Salmo Council and staff gathered for a ribbon-cutting Wednesday morning to formally reopen Springboard Park, a 17-plus acre natural forest area owned and maintained by the Village.
The opening comes after work was completed by staff over a four-month period to enhance the public safety and use of the trail by clearing it of danger trees and debris.
“Springboard Park is one of Salmo’s most valuable natural assets,” said Salmo Mayor Stephen White in a media release.
“We are very proud of our Village staff for making these improvements that not only enhance public safety, but also improve the trail experience.”
White said staff also built a manual post driver to install wooden posts with reflective markers throughout the almost one kilometer path. A new wooden sign was fabricated by the civic works foreman which marks the park’s entrance and trail route off of Bakken Road.
The Village began annual professional danger tree assessments on all municipal property in 2015. The assessment in 2016 included Springboard Park and resulted in the clearing of danger trees along the trail.

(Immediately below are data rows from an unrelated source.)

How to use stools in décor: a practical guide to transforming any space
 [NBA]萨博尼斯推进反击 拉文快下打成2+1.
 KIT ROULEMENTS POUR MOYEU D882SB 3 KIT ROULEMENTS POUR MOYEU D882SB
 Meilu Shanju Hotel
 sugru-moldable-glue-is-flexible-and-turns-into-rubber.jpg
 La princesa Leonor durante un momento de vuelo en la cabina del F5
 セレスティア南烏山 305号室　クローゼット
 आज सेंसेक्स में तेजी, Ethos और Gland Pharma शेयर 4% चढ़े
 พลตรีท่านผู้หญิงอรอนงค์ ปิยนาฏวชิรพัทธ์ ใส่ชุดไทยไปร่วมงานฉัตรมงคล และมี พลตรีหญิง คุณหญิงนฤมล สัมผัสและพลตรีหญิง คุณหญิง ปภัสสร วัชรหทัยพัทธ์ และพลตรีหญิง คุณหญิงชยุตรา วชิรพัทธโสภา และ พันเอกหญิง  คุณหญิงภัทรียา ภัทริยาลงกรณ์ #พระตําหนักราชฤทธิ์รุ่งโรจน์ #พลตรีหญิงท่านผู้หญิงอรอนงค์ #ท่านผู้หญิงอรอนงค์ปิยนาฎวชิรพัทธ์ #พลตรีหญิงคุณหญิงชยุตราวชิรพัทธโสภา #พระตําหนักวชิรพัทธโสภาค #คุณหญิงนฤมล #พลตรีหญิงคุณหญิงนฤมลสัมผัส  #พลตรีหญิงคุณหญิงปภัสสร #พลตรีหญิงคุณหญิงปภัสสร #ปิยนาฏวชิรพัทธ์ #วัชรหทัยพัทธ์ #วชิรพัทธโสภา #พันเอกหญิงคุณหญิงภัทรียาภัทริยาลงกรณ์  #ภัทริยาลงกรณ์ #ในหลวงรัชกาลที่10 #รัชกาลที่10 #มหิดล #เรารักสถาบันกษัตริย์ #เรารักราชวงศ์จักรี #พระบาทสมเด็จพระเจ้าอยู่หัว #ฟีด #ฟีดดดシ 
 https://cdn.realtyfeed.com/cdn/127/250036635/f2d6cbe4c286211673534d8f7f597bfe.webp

Phoenix Falling collaborated with the Village of Salmo in May to provide chainsaw training for the entire civic works crew. The cost of this training was offset by the use of Springboard Park as a training ground for civic workers throughout the region.
Finding such cost efficiencies and keeping the work in-house allowed the Village to complete this ambitious project for under $10,000.
Springboard Park is a majestic forest that displays the remains of Salmo’s early logging heritage.
Huge cedar stumps are reminders of the Valley’s former old growth forests, harvested near the turn of the century. There are still groves of huge cedar trees in this park. Springboard Park is also featured on the Village of Salmo’s new website under Recreation & Attractions.